What is required ::
Return only the number of lines in the data below where the word "trees" appears.

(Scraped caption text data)
=======

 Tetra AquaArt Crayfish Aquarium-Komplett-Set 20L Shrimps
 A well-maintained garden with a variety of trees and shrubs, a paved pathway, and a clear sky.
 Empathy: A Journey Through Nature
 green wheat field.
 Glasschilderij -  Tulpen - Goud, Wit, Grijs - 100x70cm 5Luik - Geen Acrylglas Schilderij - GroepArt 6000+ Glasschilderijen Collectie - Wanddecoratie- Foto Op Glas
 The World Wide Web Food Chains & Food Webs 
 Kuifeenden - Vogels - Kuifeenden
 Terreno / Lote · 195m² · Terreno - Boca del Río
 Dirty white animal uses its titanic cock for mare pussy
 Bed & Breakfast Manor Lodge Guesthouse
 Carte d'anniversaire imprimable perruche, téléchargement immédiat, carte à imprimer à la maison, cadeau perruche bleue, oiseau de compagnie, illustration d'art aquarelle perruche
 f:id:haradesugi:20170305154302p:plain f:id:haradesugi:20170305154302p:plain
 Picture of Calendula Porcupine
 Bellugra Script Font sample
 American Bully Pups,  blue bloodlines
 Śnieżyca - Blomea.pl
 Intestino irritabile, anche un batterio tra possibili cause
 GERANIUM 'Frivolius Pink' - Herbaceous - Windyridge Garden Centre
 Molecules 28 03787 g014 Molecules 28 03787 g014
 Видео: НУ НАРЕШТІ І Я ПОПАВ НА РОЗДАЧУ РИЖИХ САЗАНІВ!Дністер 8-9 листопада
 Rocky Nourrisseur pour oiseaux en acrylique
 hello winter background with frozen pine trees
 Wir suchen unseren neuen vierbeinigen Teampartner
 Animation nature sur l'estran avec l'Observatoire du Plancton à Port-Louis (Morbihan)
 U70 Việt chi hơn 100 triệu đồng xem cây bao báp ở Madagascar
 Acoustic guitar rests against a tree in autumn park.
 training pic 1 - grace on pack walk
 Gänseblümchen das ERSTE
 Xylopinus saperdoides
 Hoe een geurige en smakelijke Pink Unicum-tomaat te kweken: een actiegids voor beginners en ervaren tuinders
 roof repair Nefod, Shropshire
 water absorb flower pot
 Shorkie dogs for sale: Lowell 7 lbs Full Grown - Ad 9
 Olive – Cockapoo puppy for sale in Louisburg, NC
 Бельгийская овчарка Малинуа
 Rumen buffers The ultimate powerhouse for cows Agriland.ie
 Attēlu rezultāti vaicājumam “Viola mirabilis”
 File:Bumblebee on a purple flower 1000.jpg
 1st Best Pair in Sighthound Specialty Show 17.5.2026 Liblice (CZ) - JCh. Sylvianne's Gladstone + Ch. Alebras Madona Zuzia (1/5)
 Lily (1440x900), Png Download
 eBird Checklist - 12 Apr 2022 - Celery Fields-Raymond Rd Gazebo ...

=======

Solution ::
2